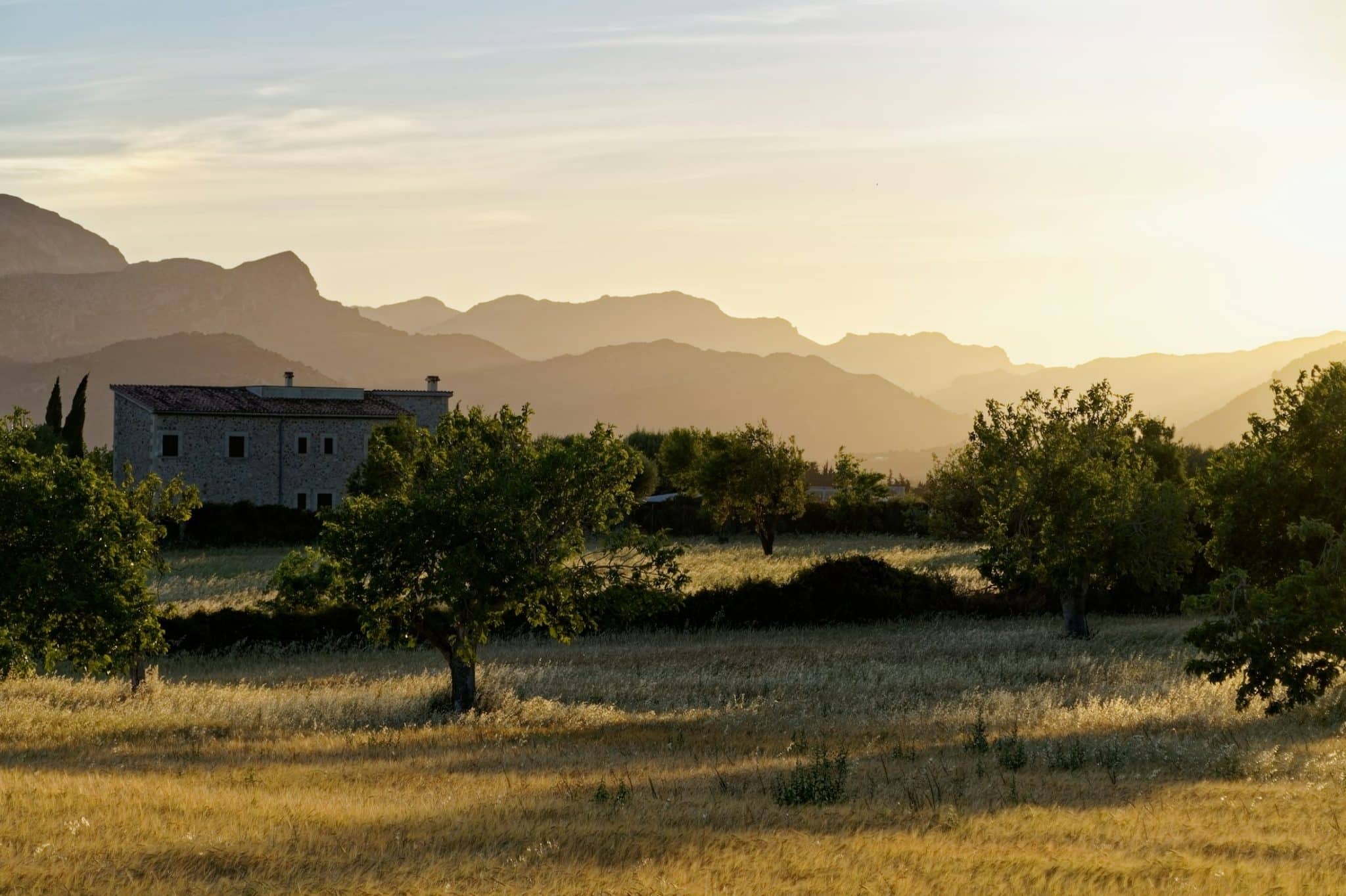 Country house among olive trees in an inland valley at sunset, Costa Blanca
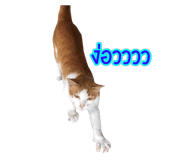 505044329
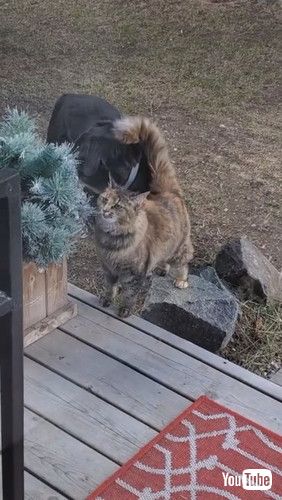 しっぽで頭をなでる猫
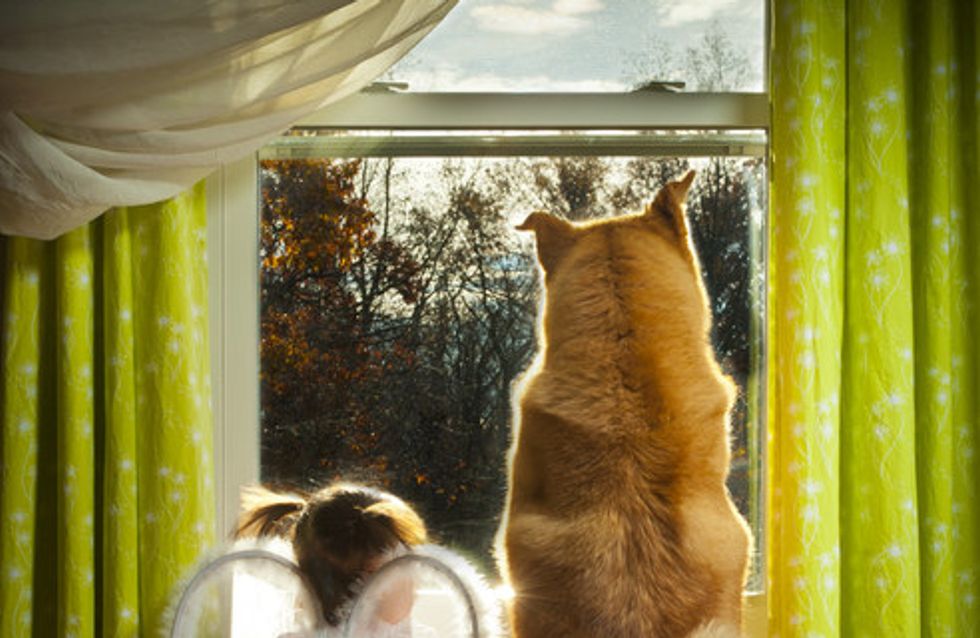 66 fotos que comprovam a amizade entre bebês e cachorros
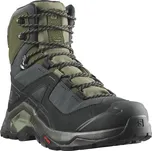 Salomon Pánské boty Quest Element GTX EU 42 ⅔, Black/Deep Lichen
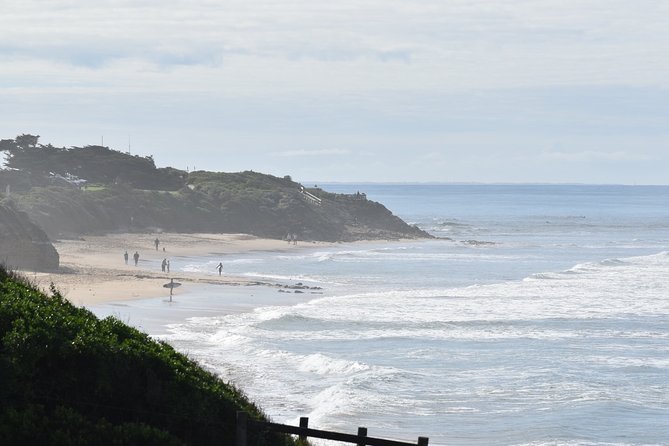 Great Ocean Road Tour Plus Koalas, Forest Walk and Morning Tea - Kennett River: koalas and parrots in natural habitat time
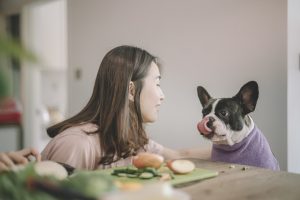 french bulldog begging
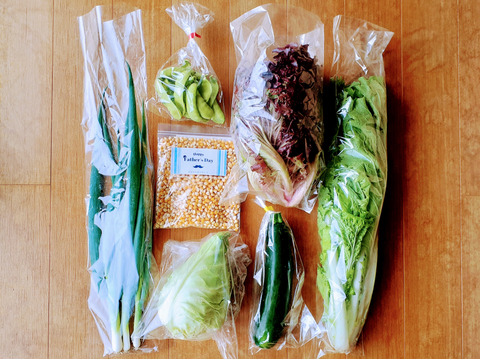 【父の日ギフト】まあるくはじけるポップコーン付き☆信州四賀より里山の旬野菜セット【mini　6品目】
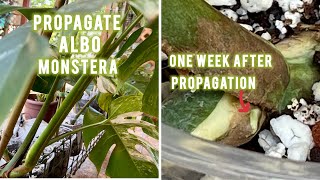 One Week from Propagation with Monstera Albo Updated [upl. by Aloivaf761]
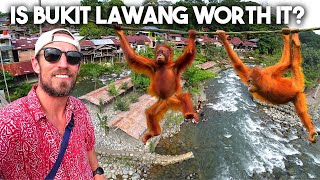 The Most EXPENSIVE Thing I've Done In Indonesia 🇮🇩 ($90, Is it worth it?...)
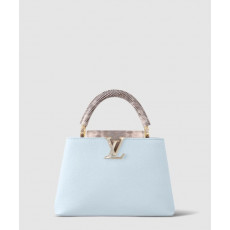 루이비통 카퓌신 BB M21166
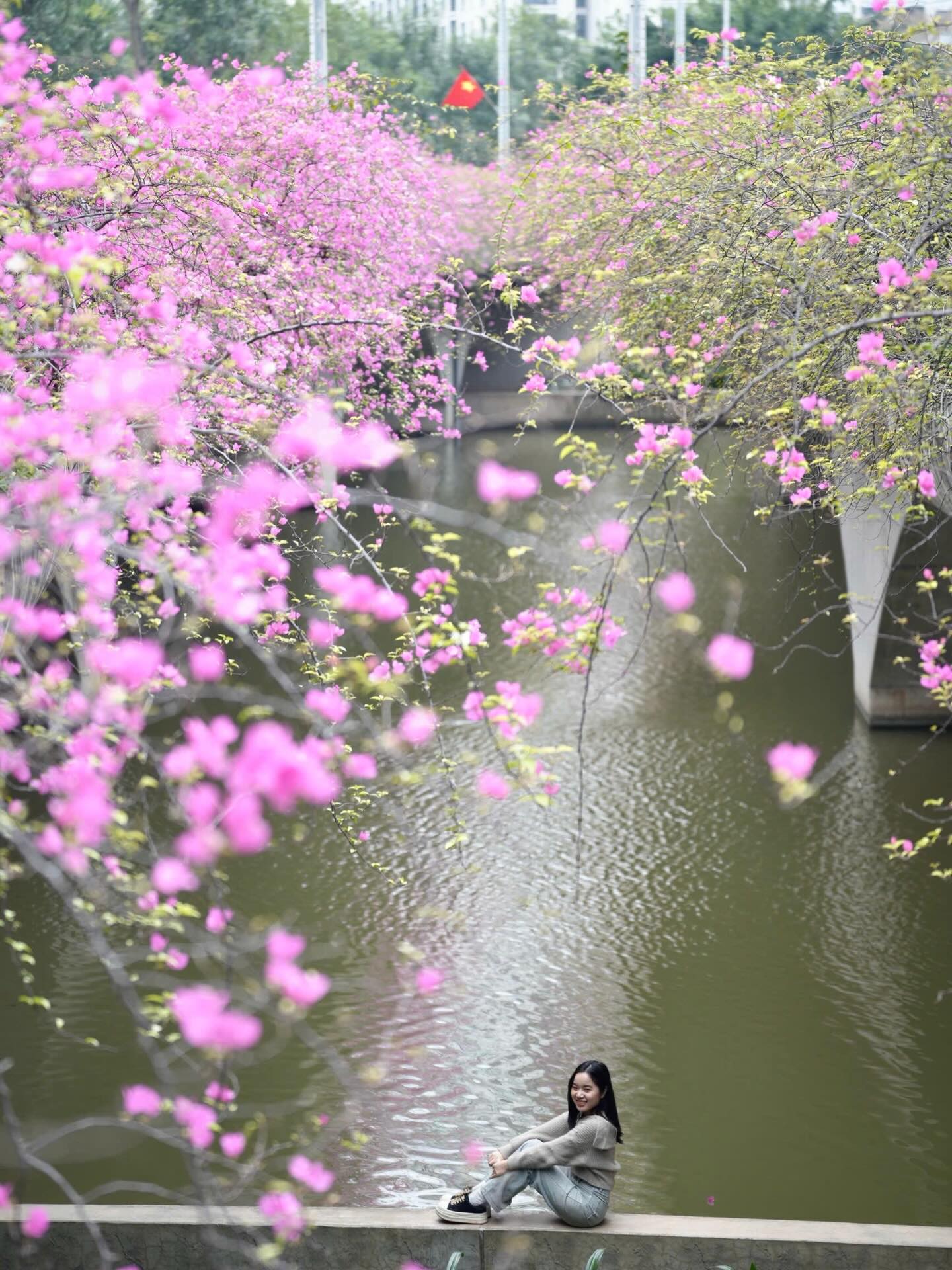 Không cần ước ao sang Thượng Hải, ngay sát vách Hà Nội đang có một cây cầu hoa giấy đẹp như phim điện ảnh khiến hội chị em bấn loạn- Ảnh 5.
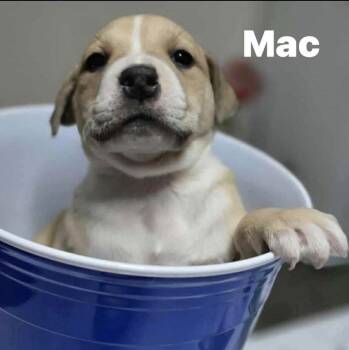 Rescue Pit Bull Terrier and Anatolian Shepherd Dogs for Adoption in Shawnee, Oklahoma - Mac | PetCurious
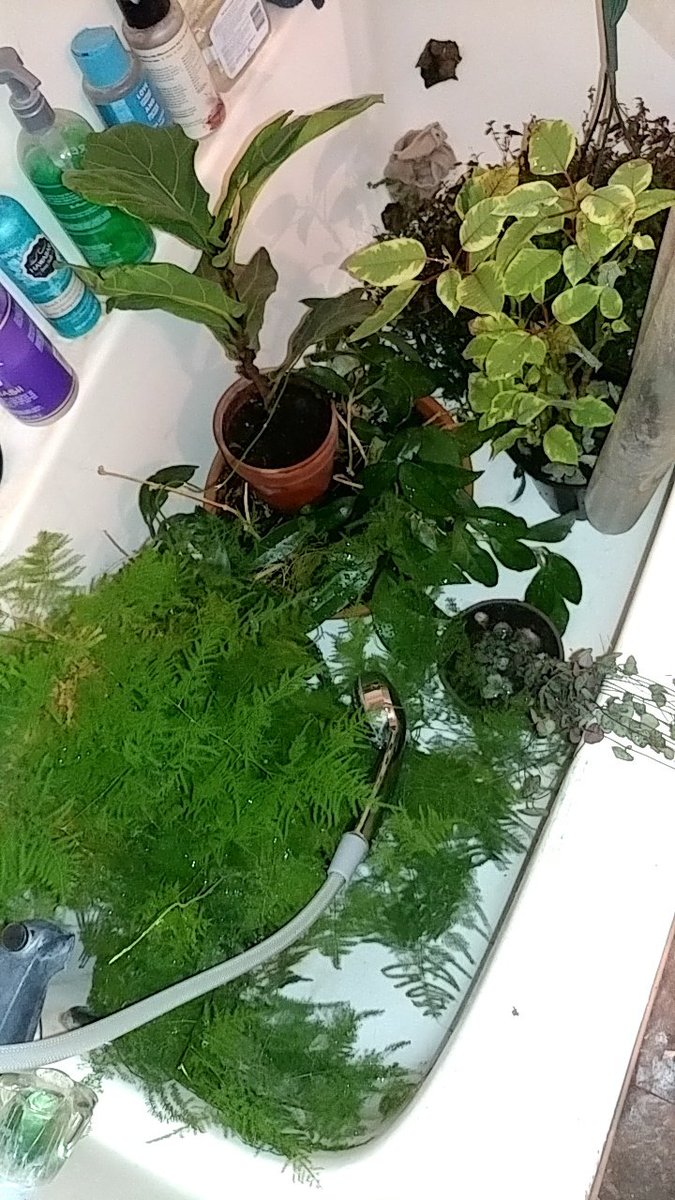 AbbeyKirberger's tweet photo. When you forgot that you watered a few plants and it's time to take a shower.

#houseplants #writerslife #writerscommunity #itsatakeover #somebodyhelpme https://t.co/YkM43fXX5c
════════
Omitting all pictures, restate word for word the lines from the one containing "Rescue Pit Bull" through the last line of the data.

» Task answer:
 Rescue Pit Bull Terrier and Anatolian Shepherd Dogs for Adoption in Shawnee, Oklahoma - Mac | PetCurious
 AbbeyKirberger's tweet photo. When you forgot that you watered a few plants and it's time to take a shower.

#houseplants #writerslife #writerscommunity #itsatakeover #somebodyhelpme https://t.co/YkM43fXX5c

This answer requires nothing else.